Thinking Outside the Box When Coaching Youth Football

Thinking Outside the Box When Coaching Youth Football

Now is the time to start evaluating everything you do for next season. You don’t want to wait and do your research in July or August and then go back to doing things the same way because you ran out of time. In March I break down game film for the second time. I look critically at practice plans, drills and priorities and make sure what we are doing isn’t wasting time and relates directly to our end mission. I research different methods, techniques, offenses, teaching processes and defenses now. I’ve already read nearly a dozen books and attended countless clinic sessions and yet I still have about 6 books on my stack as well as 3-4 DVDs to watch.

Turning Over New Leafs

While our mission won’t change, I’m always open to new ways of accomplishing it. We’ve had incredible success, but that doesn’t mean we own the franchise on how to get there, there are lots of great ideas out there still waiting to be used to improve our youth football teams. We just have to be open minded enough to continue to look for them and relentless enough in our search to find them.

Learn From the Best

If you haven’t heard of John Gagliardi (pronounced Guh-LAR-dy). He has been head coach at St. John’s University, in Collegeville, Minn., since 1953, his teams have won 461 games. I’ve written about him a number of times and he has a different way of approaching football practice.

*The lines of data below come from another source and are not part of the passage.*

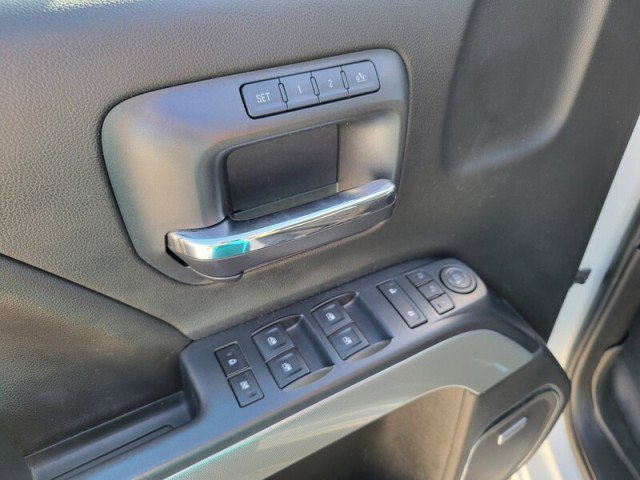 Used 2015 Chevrolet Silverado 2500 LTZ w/ Duramax Plus Package image 13
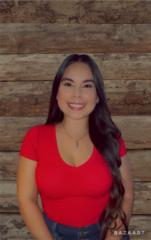 Alexandra Cordero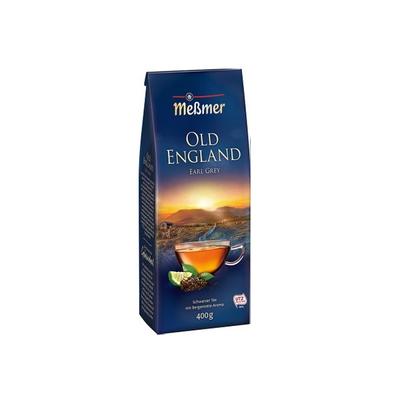 MESSMER Old England Earl Grey Rouge 400 г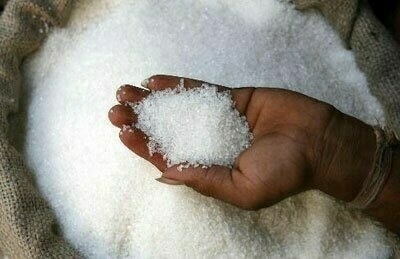 Sugar crisis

This is what John Jeansonne of Newsday wrote about coach:
At a school of 1,900, none of them on athletic scholarship and therefore none coddled through music history or any other class, Gagliardi, at 82, will be coaching his 57th season at St. John’s in the fall, attempting to win a 27th conference title and a fifth national championship – the most recent in 2003. Three years ago, Gagliardi became the first active coach to be enshrined in the College Football Hall of Fame.

Listen to his philosophies: No agility drills, lengthy calisthenics or taking laps (One push-up before practice only). “When I was in high school, we had a coach I learned a lot from – all negative. He was a fanatic on calisthenics and drills, torturous stuff. And laps, laps, laps. We were worn out before we started. My memory of it was that Hell must be like this. Those damn duck walks. I hated them. Years later, everybody was told how bad those duck walks are for your knees. Anyway, then we’d scrimmage. We’d kill each other in practice. I came within a hair of not hanging in there. See, I noticed all the kids who would go play intramurals never did all the drills and that stuff, and I never saw any ambulances going over to their fields. The ambulances always were coming over to us. And, see, fortunately, I didn’t have a TV. I didn’t know a damn thing. I just knew what I didn’t like.”

He began his coaching career as a high school senior, at Trinidad (Colo.) Catholic in 1943, when the real coach was drafted into the service. He took the team to the state championship game and, “Geez, astonishingly, we won. I must’ve been 16.”

But his coaching ethics were set. “Our coach used to say, ‘Hit somebody! Kill somebody!’ But I noticed that I was the guy getting killed. Our coach believed that the answer to everything was drills and conditioning, but the only tragic flaw in his system was that when we lined up, we didn’t know what the hell we were doing. I was the tailback – you know, that old single-wing, Notre Dame box stuff – and I noticed that when I’d call a play, there would be panic in the linemen’s eyes. ‘Who do I block?’ I thought the first thing we ought to do is figure out who to block.”

Beyond the figuring, though, there is no practice apparatus at St. John’s. No blocking sleds. No blocking dummies. “I get some kids, when they first come in, ask me, ‘How do I prove I can play? Who do I hit or kill?’ That’s not the way to make a tackle. First you’ve got to line up in the right spot. You’ve got to go to the right spot. You’ve got to figure out where the hell the ball is. You’ve got to not get blocked. You’ve got to pressure the ball. You do all that, eventually you’ll make the tackle.

Applying it to Youth Football

Does any of this strike a nerve with those of us coaching youth football? How many o-fer youth football teams do you see doing what Coach Gags is railing against? In youth football you have to get your kids over the initial fear of contact and do some hitting, but once that has been done, how much more time does it take to do full scale scrimmaging rather than bird dog or quick fit and freeze reps?

Do the Math

My teams can do a fit and freeze rep every 10-12 seconds, while an average “scrimmage” rep takes 90-120 seconds. Which means in 40 minutes of scrimmaging the “scrimmaging” team will if they are lucky, get in 20-30 plays. In that same time period my teams would have gotten in 200-240 reps in. On game day which team do you think will have better execution, the one that got 40-60 quality offensive reps in that week or the one that got in 400-480 quality reps? Multiply that over the course of 3 months and there is your partial answer as to why many youth football teams execute with so much better execution than their competition, even when they have fewer practices.